Data records:
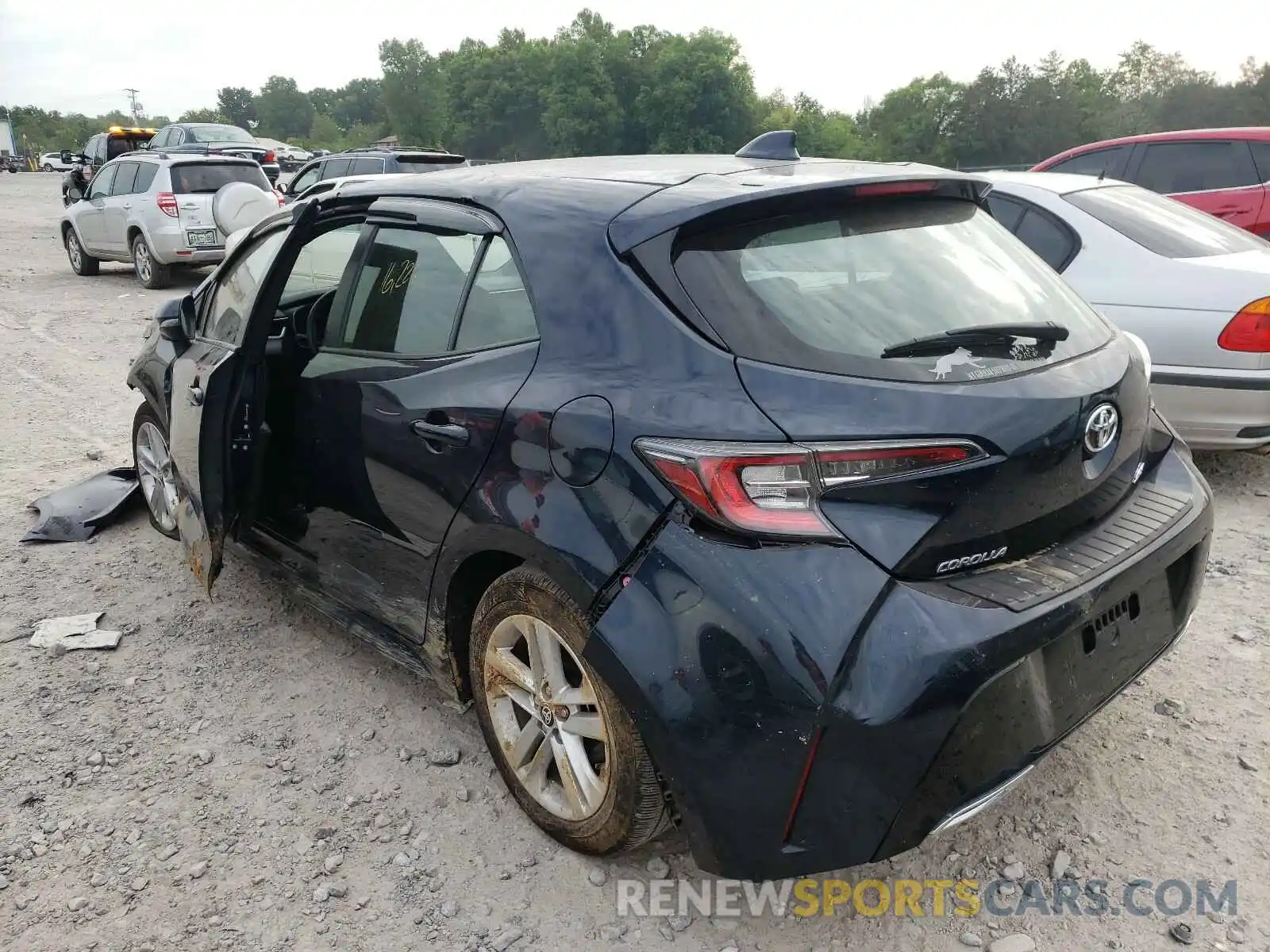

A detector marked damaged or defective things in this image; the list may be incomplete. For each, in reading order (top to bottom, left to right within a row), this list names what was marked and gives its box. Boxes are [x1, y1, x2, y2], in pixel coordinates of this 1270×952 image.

damaged blue toyota corolla hatchback [126, 132, 1209, 878]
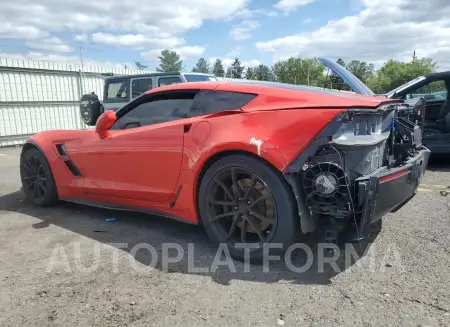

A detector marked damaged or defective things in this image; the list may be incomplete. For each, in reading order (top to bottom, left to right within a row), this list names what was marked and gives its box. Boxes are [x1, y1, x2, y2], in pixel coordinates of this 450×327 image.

damaged front end [284, 100, 428, 246]
crumpled front bumper [356, 147, 430, 227]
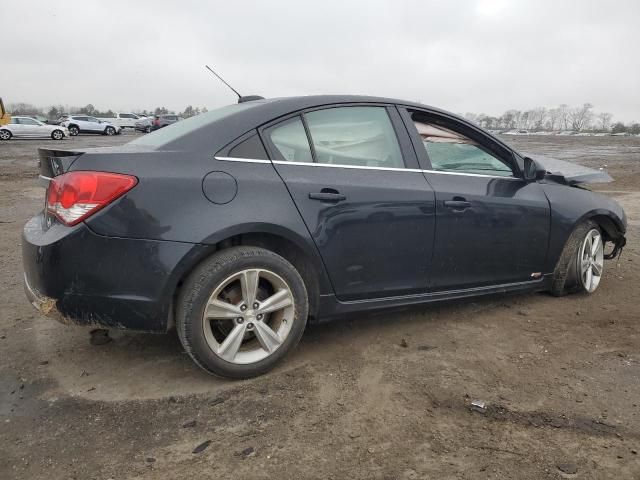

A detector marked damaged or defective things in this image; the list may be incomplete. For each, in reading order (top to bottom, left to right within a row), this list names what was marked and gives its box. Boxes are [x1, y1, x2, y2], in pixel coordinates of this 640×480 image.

crumpled hood [524, 155, 616, 185]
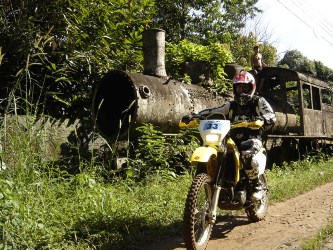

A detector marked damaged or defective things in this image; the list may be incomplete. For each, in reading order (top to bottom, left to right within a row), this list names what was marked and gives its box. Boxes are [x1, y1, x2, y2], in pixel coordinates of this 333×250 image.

rusted metal cylinder [92, 70, 230, 141]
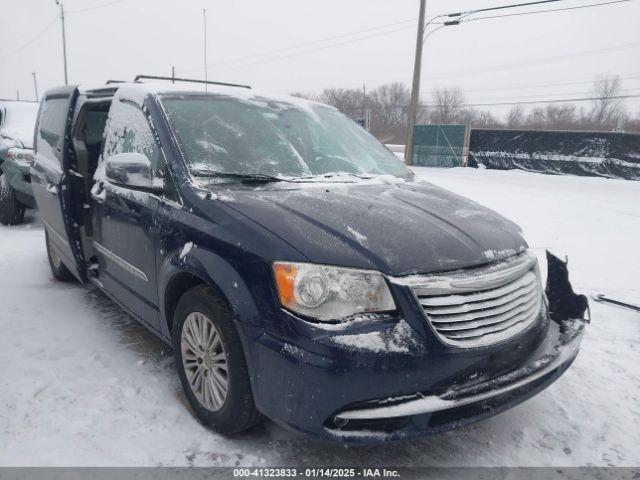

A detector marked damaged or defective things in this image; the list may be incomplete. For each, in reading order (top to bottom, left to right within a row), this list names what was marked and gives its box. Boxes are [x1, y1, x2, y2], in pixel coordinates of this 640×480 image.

broken bumper trim [336, 320, 584, 422]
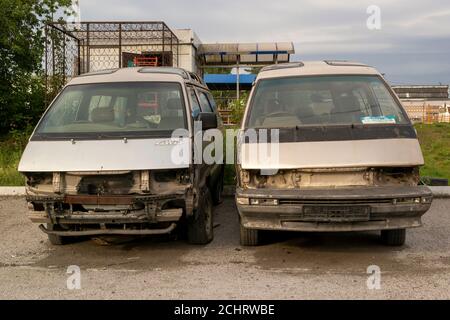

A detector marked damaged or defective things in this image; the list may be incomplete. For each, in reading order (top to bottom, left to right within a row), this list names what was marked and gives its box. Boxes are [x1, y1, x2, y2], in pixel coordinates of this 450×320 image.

rusted vehicle body [18, 67, 223, 242]
damaged white minivan [18, 66, 223, 244]
second damaged minivan [18, 66, 223, 244]
rusted vehicle body [236, 61, 432, 246]
second damaged minivan [237, 61, 434, 246]
damaged white minivan [237, 61, 434, 246]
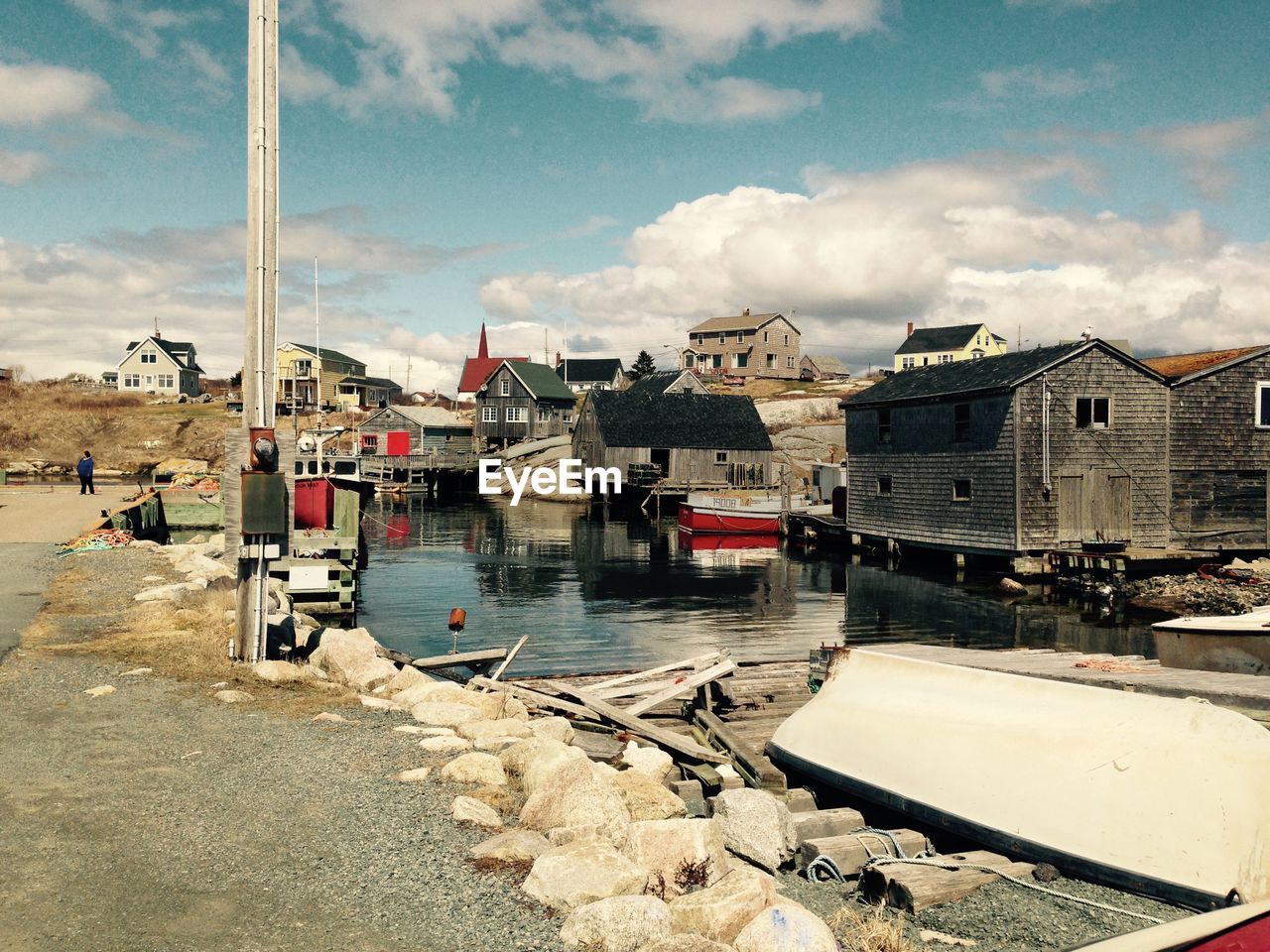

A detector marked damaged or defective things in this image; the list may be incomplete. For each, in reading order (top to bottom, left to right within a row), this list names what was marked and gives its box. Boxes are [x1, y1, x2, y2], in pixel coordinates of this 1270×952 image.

broken wooden debris [858, 848, 1036, 918]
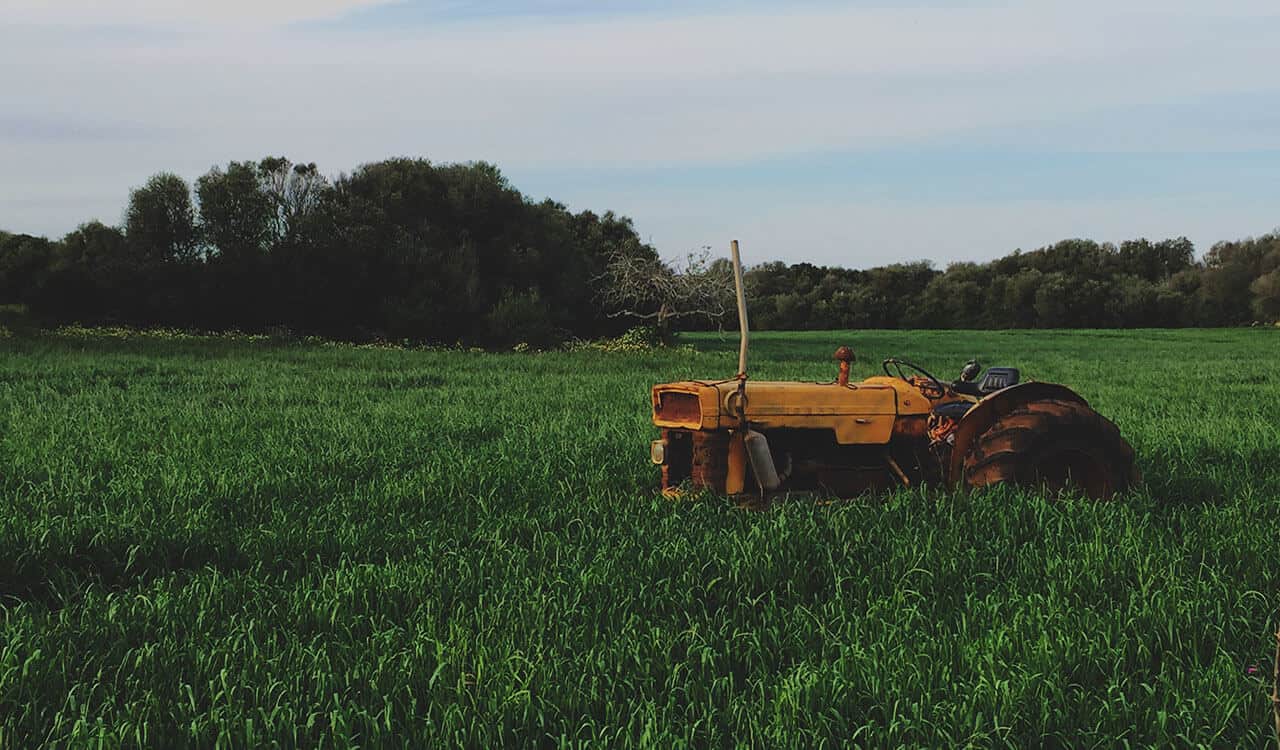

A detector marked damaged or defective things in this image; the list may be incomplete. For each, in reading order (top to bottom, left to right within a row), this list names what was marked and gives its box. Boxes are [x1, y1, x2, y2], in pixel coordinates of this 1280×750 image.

rusty tractor body [645, 240, 1136, 496]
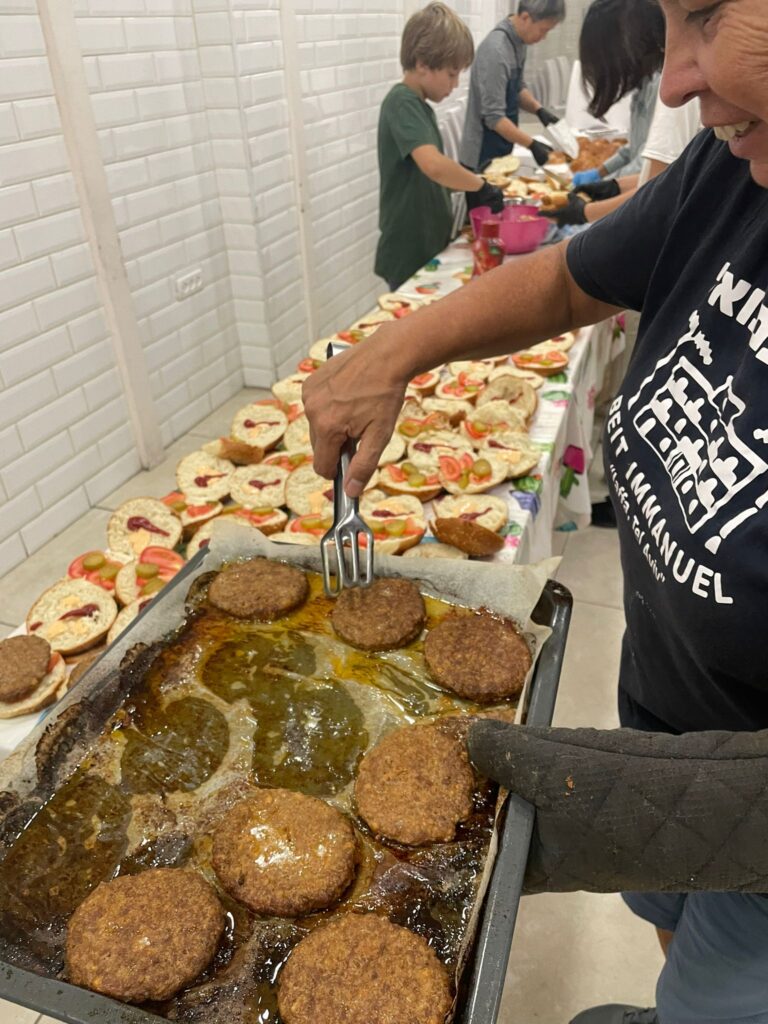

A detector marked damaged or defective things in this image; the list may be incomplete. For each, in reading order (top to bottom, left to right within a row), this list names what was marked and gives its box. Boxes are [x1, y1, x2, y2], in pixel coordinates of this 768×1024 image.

burnt residue on tray [0, 573, 518, 1019]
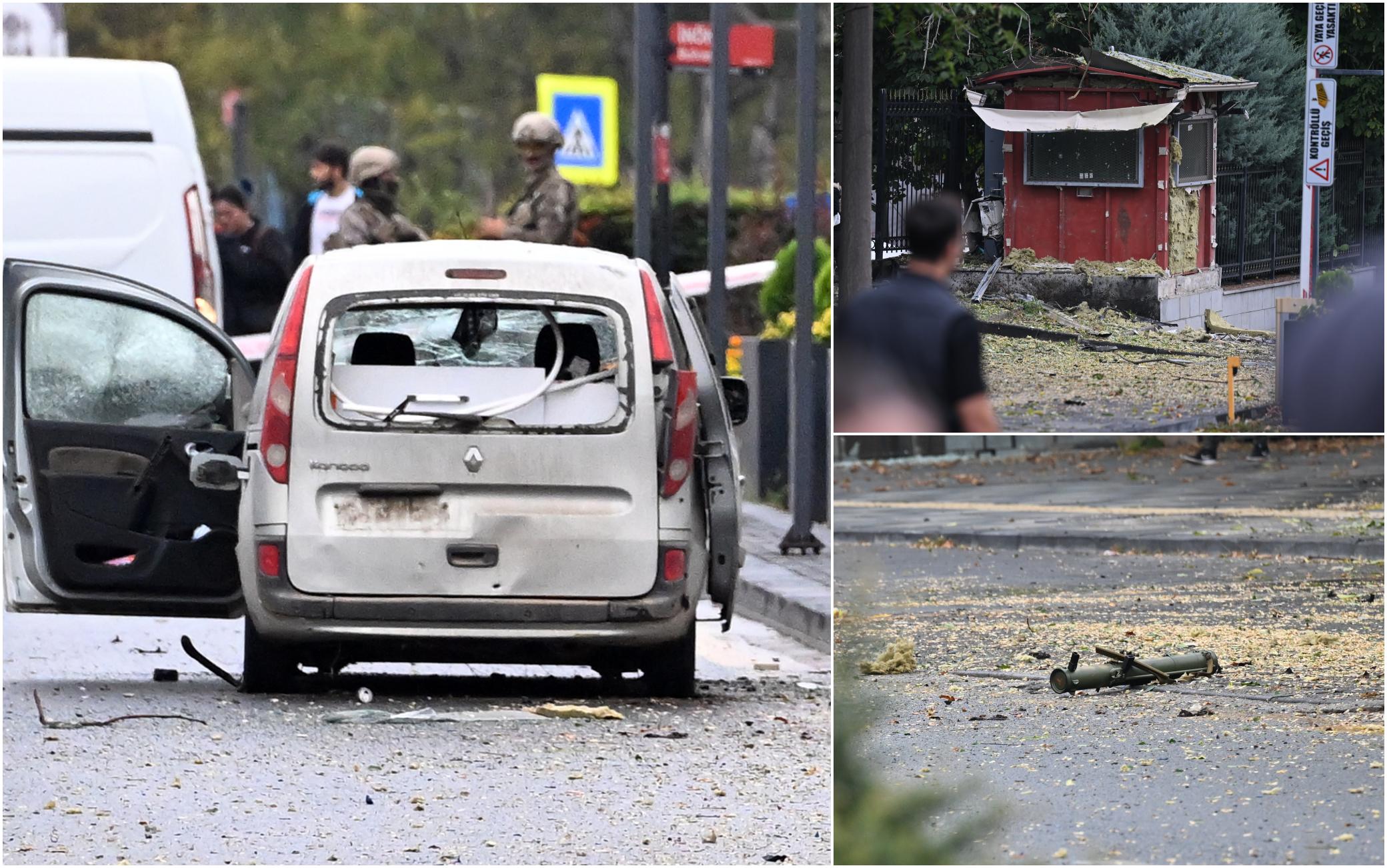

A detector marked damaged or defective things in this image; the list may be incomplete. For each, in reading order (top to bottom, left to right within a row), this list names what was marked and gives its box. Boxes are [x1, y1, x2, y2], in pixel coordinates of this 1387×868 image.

torn white awning [971, 101, 1176, 131]
shattered car window [24, 291, 229, 427]
broken rear windshield [321, 302, 627, 429]
white damaged van [3, 241, 749, 696]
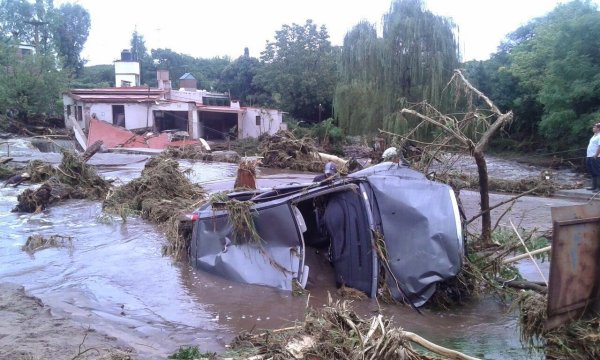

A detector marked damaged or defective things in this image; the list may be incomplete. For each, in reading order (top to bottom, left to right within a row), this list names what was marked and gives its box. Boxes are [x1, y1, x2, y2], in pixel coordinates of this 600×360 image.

overturned vehicle [190, 163, 462, 306]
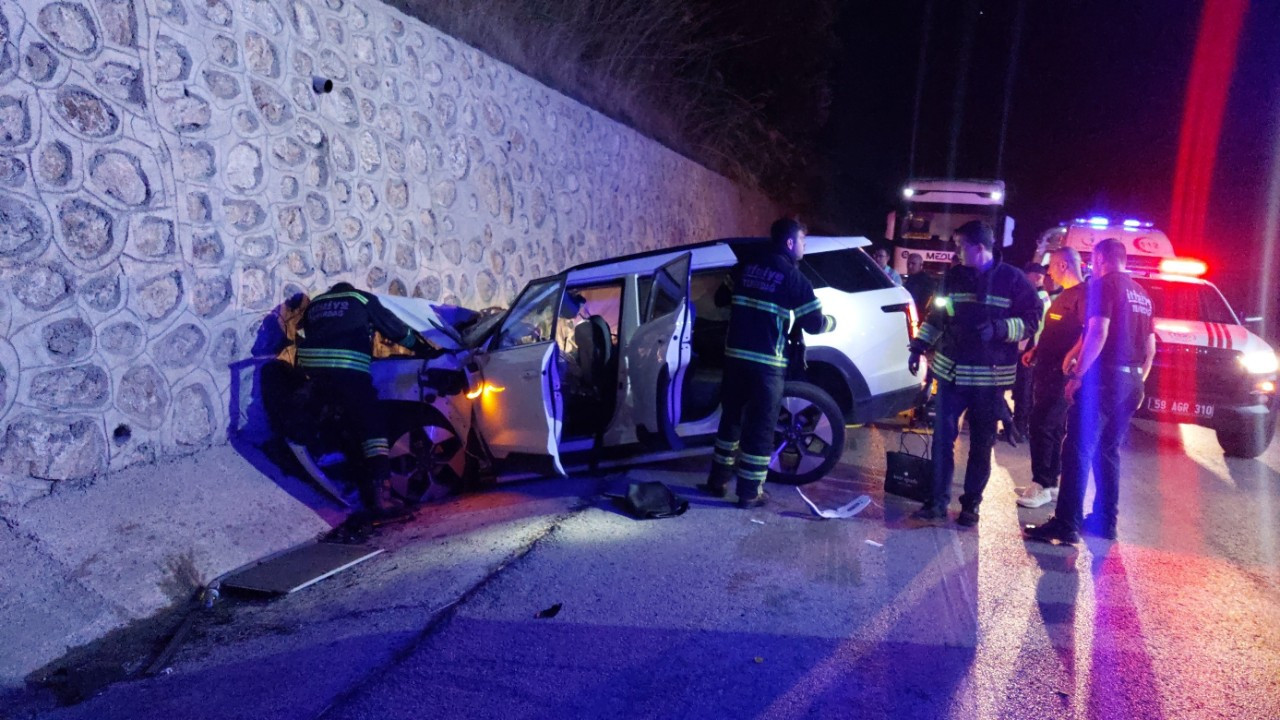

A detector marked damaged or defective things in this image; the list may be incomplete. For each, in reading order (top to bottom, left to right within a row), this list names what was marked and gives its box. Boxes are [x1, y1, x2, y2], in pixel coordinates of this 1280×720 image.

crashed white suv [278, 233, 920, 504]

**Work to be completed:** Lines before the one containing "this 768×1024 image." are not wanted; write out that line and every later line through the end of the data above, exactly, without pictures.

**Written response:**
A detector marked damaged or defective things in this image; the list may be incomplete. For each, in reading order (top to bottom, left to right within a row), this list names what was marked and gives its box. Boxes are [x1, y1, x2, y2], in pixel coordinates of this 768×1024 image.

burnt residue on tray [0, 573, 518, 1019]

A detector marked damaged or defective things in this image; the list may be incomplete. For each, in reading order (top to bottom, left to right within a row), this list names what was marked and gives its box. Boxes are [x1, y1, x2, y2], in pixel coordinates of this 1387×868 image.

torn white awning [971, 101, 1176, 131]
shattered car window [24, 291, 229, 427]
broken rear windshield [321, 302, 627, 429]
white damaged van [3, 241, 749, 696]

A detector marked damaged or defective things in this image; the list may be incomplete. For each, in reading order (top to bottom, left to right within a row), this list names what was marked and gives its box. Boxes are [x1, y1, x2, y2], in pixel coordinates of this 600×360 image.

overturned vehicle [190, 163, 462, 306]

A detector marked damaged or defective things in this image; the list may be incomplete. For each, in reading order (top to bottom, left to right within a row), this list names what was marked and gives its box. Boxes are [x1, y1, x2, y2], in pixel coordinates of this 1280×720 image.

crashed white suv [278, 233, 920, 504]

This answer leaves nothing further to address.